(Art by iStock/wacomka) 

The effectiveness of local civic action depends on community members coming together to address issues of common interest, usually with support from local organizations. But what happens when the demographics of a community vary over time to reflect greater income inequality and racial diversity? Does this affect community engagement?

Wesley Longhofer, Giacomo Negro, and Peter W. Roberts, of Emory University’s Goizueta Business School, explored how well local organizations and residents come together for collective action as racial and economic heterogeneity increases. Traditionally, individuals volunteer through their religious organization or club, or are brought together through participation in their children’s public education.

“In a rapidly changing community, tensions between lower and higher income and wealth groups, among whites and people of color, as well as diverse gender identities [are critically important] for the future of their local community,” says Susan Saegert, professor of environmental psychology at the City University of New York Graduate Center.

The researchers focused on three decades of data describing local Trick-or-Treat for UNICEF (TOT-UNICEF) campaigns across 3,108 counties. Established more than 50 years ago, the TOT-UNICEF program is typically administered by schools, clubs, and religious organizations. It outfits children with coin-collection boxes to go door to door in their communities on Halloween. The aim is to raise money and awareness for efforts that assist the world’s most vulnerable children. The program comprises thousands of localized campaigns and in total collects millions of dollars annually. The data analyzed in this study included three consecutive US Census years (1990, 2000, and 2010) and covered more than 8,000 campaigns organized by schools, more than 8,000 by churches, and almost 2,000 by clubs. Data from the National Center for Education Statistics provided information about the racial composition of public schools.

As with other local civic action, the effort requires action by all constituencies at the grassroots level to succeed. Support organizations need to obtain collection boxes from UNICEF and mobilize trick-or-treaters, and households need to stockpile coins to donate. Then, in the weeks after Halloween, the campaign organizer gathers the boxes and remits the collected funds to UNICEF. Underlying such community collaboration is a shared interest in working together to support an issue of common appeal—whether the cause is local or, in the case of UNICEF, global.

The researchers’ calculations of demographics and TOT-UNICEF revenues yielded results that confirmed their hypothesis that changing community conditions impeded residents’ ability to come together to support specific issues. Typical decade-long changes in racial diversity and income inequality reduced campaign effectiveness by 8.5 percent and 14.8 percent, respectively. That impact is likely not an isolated one, Roberts says: “Our findings likely generalize to any collective event that requires a lot of face-to-face interaction, whether it be similar fundraising schemes (blood drives, AIDS walks, and so on) or something like political canvassing.”  

Over the long term, the authors believe, segregation along racial and income lines is sure to have a detrimental impact on any cause that depends on community support.

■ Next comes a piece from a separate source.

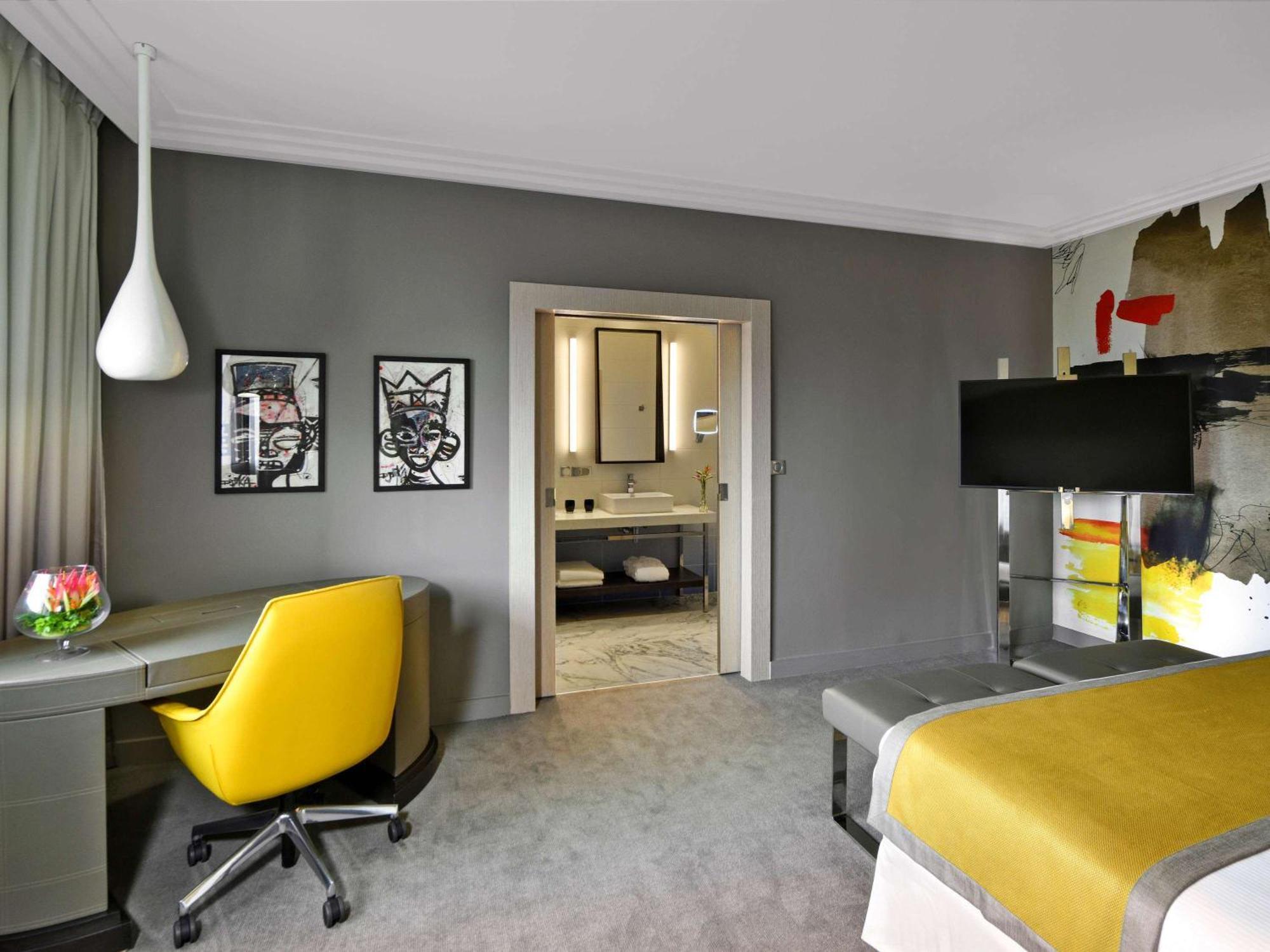 Moevenpick Hotel Abidjan Bagian luar foto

With increasing racial and economic diversity having such a striking impact on the UNICEF campaign, researchers sought to understand which pathway to collective action—religious organization, club, or school—would be the most effective.

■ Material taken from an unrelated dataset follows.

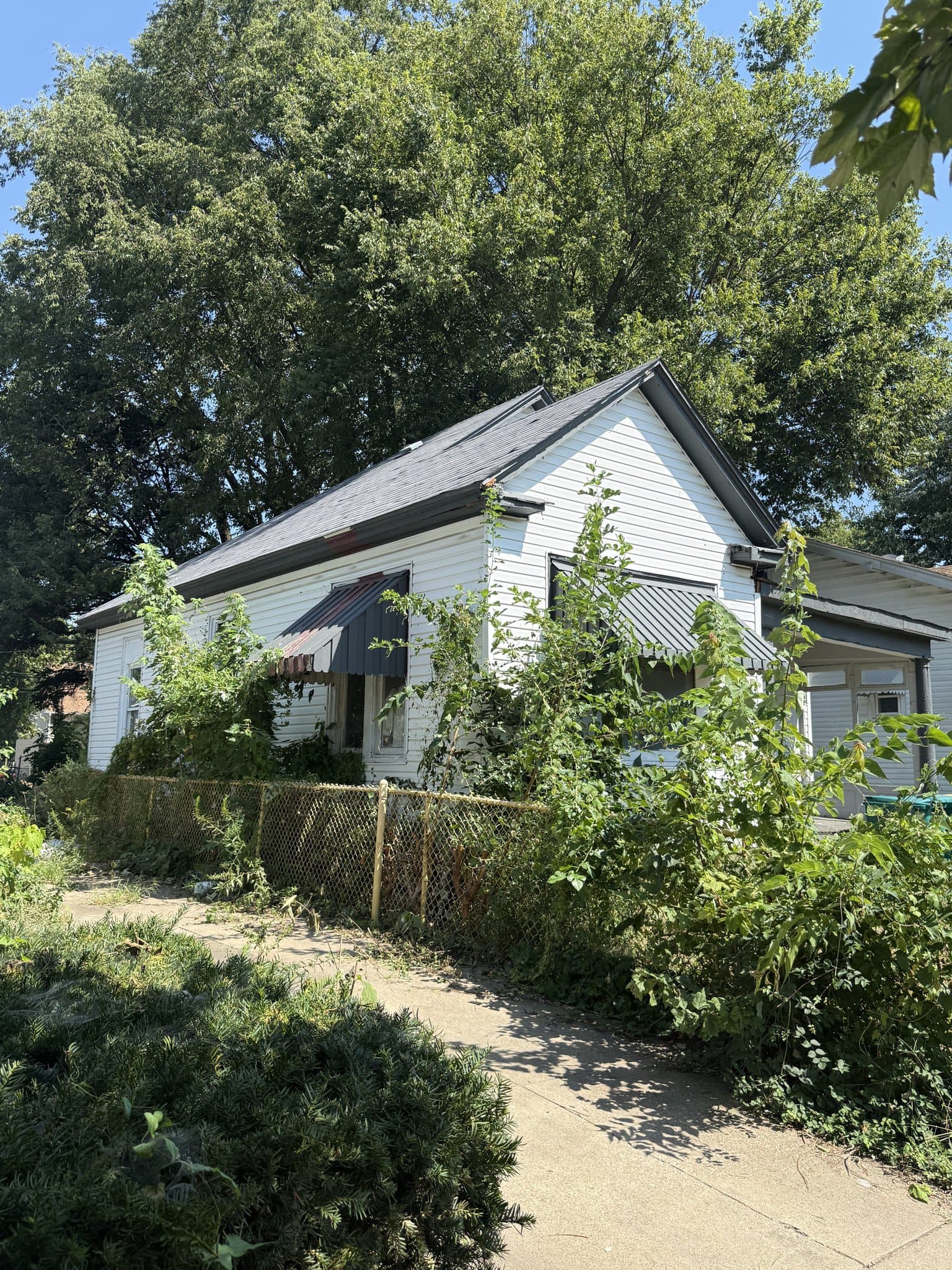 Decatur House: 1828 E Main St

Churches and the like are among the first to step up to ask their congregations to support charitable causes. But as community heterogeneity increases and different cultures and social groups splinter off, individual churches tend to remain relatively homogenous, and their ability to serve as social bridges to the community at large erodes. The study showed that as county-level diversity between 1990 and 2000 increased by 4.5 percent, church-organized TOT-UNICEF campaigns were 13.6 percent less effective. As income inequality increased over the same period by 5.5 percent, church-led campaigns collected 47.6 percent less money for UNICEF. 

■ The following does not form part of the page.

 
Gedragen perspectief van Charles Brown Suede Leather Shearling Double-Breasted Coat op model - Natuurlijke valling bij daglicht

The picture was markedly different when the researchers looked into the school-led campaigns. Their effectiveness increased by 4.7 percent in the face of growing diversity, and increasing income inequality led to a 9.1 percent bump in donations. Because the very structure of public schools requires that they facilitate regular interactions among young people and their families, who are as culturally, racially, and economically diverse as the larger community, they were uniquely capable of fostering social engagement and marshaling community resources behind the UNICEF campaign. 

“We do not believe that churches and clubs are problematic per se,” Roberts says. “Rather, we see them as being subject to the same ‘hunkering down’ processes that characterize communities at large.”

“The study identifies many critical issues in promoting civic action,” says Saegert, who cautions that TOT-UNICEF may not be representative of most civic actions. “The strength of the argument lies in the issue of mandatory engagement.”